Komsomolets Submarine Investigations
Because of absorption of alpha and beta emissions by almost any intervening material (seawater, hull, etc.), radiation measurements from seabed sources or sunken vehicles is almost exclusively monitored by the use of gamma spectrometry. In response to the Komsomolets submarine's sinking on April 7, 1989, the Russian Research Center's Kurchatov Institute developed several versions of a gamma spectrometer deployed or used from the Mir submersibles (Nejdanov 1993). Basically, gamma rays emit between 0 and 3 Mev (mega electron volts) in the spectrum, and the point in the spectrum where a peak occurs directly identifies the isotope (in this case, Cs-137) causing the radiation.
Gamma radiation is measured using a sodium iodide scintillation detector that emits flashes of light when struck by gamma radiation. These are converted to electrical pulses by a photomultiplier tube coupled to the end of the detector. The pulses are amplified and recorded in the submersible. The brightness of the light flashes, and hence the size of the electrical pulses, is directly proportional to the energy of the gamma radiation striking the detector.

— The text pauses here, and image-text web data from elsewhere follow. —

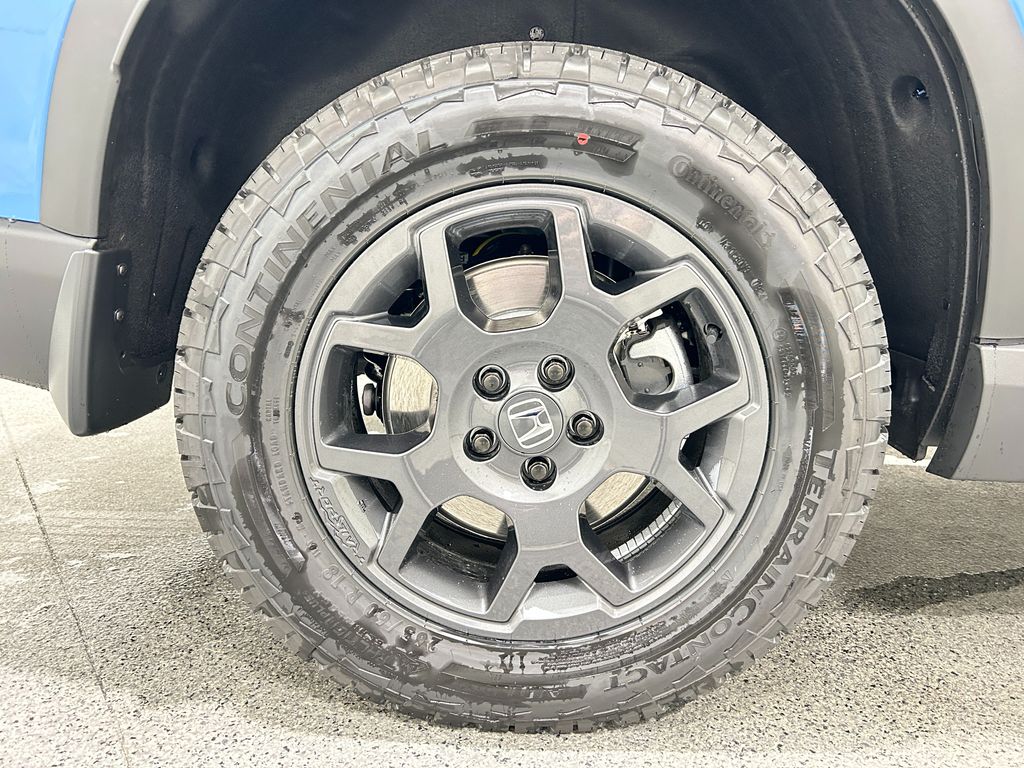2025 Honda Pilot TrailSport photo 8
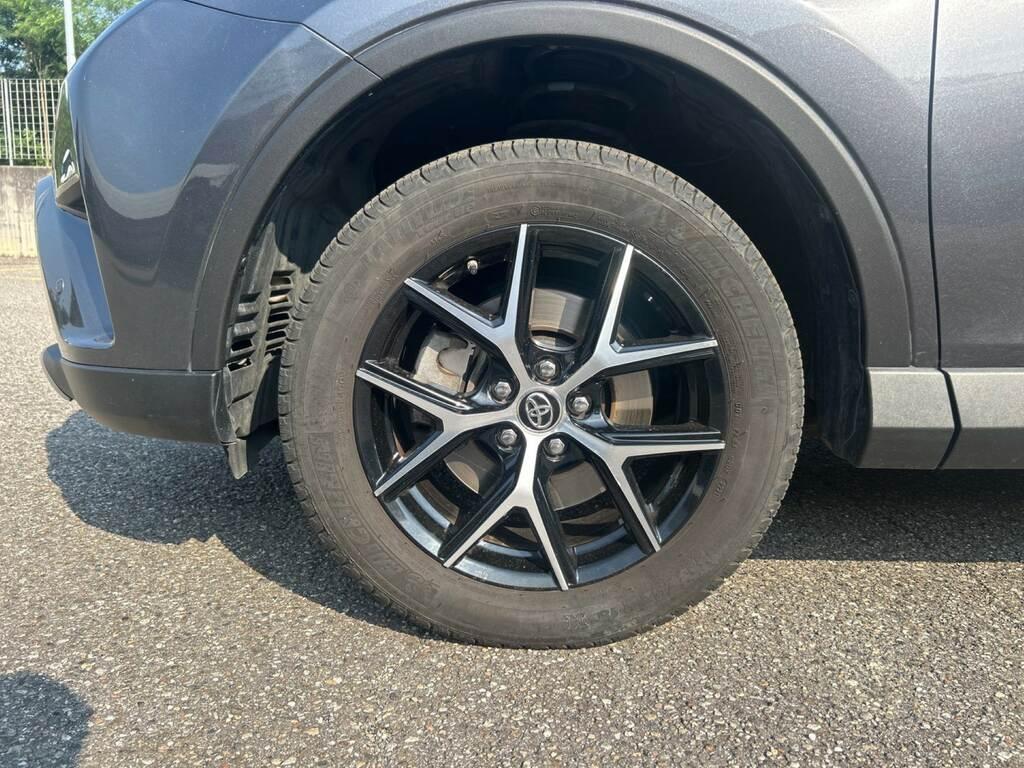 Toyota RAV4 2.5 vvt-i hybrid Style 2wd e-cvt my17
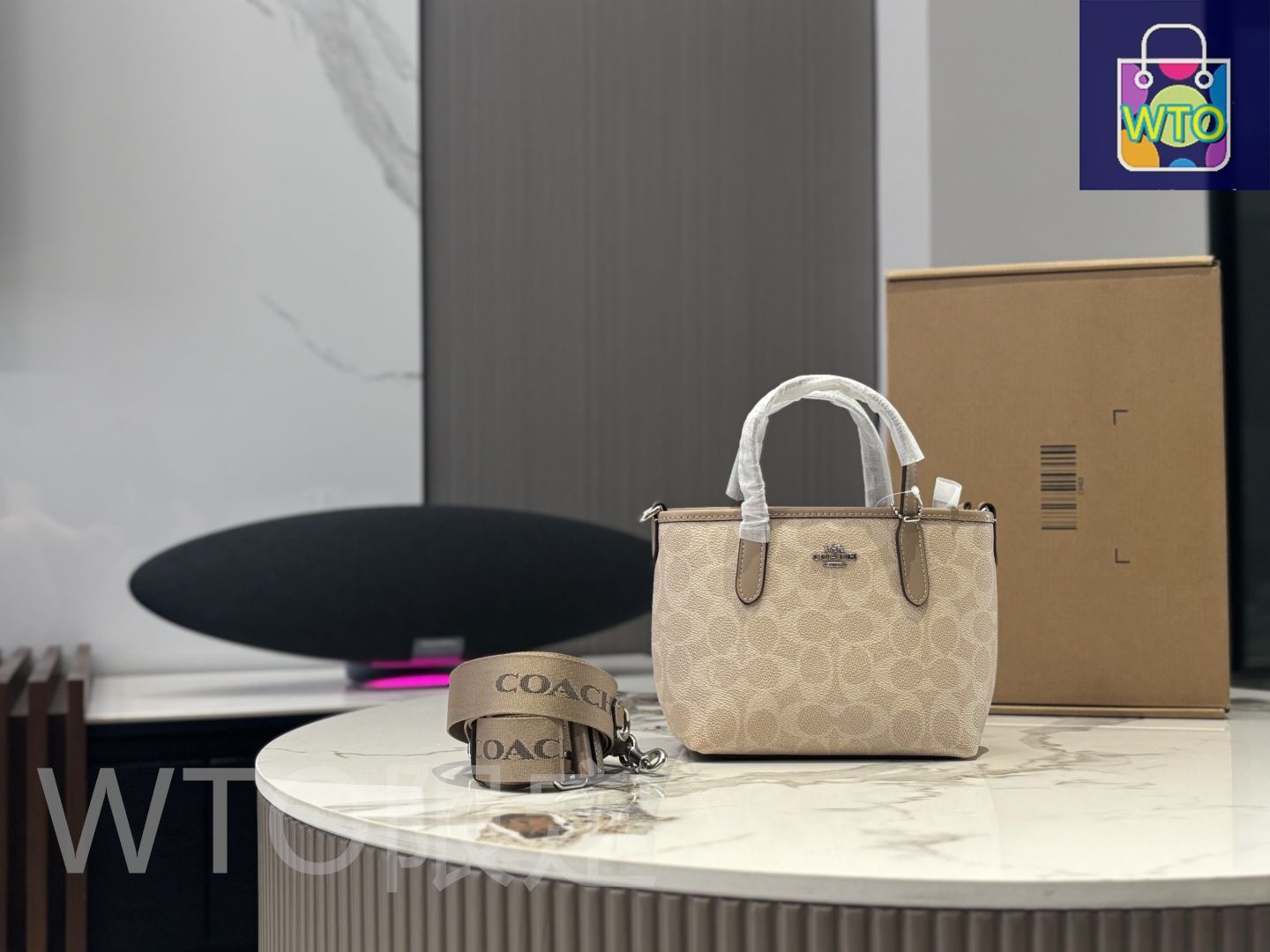 送料込み追跡付き COACH 素敵 ミニ トート bag 送料込み追跡付き COACH 素敵 ミニトート bag (Coach/トート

Several different gamma spectrometers were developed for use from the Mir submersibles, as well as a version that can be utilized from a ship. The minimum detectible activity of Cs-137 in seawater is claimed to be 0.5 pCi/l. The spectrometers are designed for minimal weight and size, and maximum sensitivity for undersea measurement use. Figure 2.1 depicts a model REM-2 gamma spectrometer that was deployed near the Komsomolets submarine with the Mir submersibles. Figure 2.2 shows some typical Cs-137 measurements, while the K-40 peak is the radiation signal detected in most seawater. An autonomous, self-contained version has been developed that allows deployment for longer time measurements. These instruments are not unique; similar designs of portable NaI crystal gamma spectrometers have been available commercially for approximately a decade, that is, at Exploranium G.S. Limited, Toronto, Canada.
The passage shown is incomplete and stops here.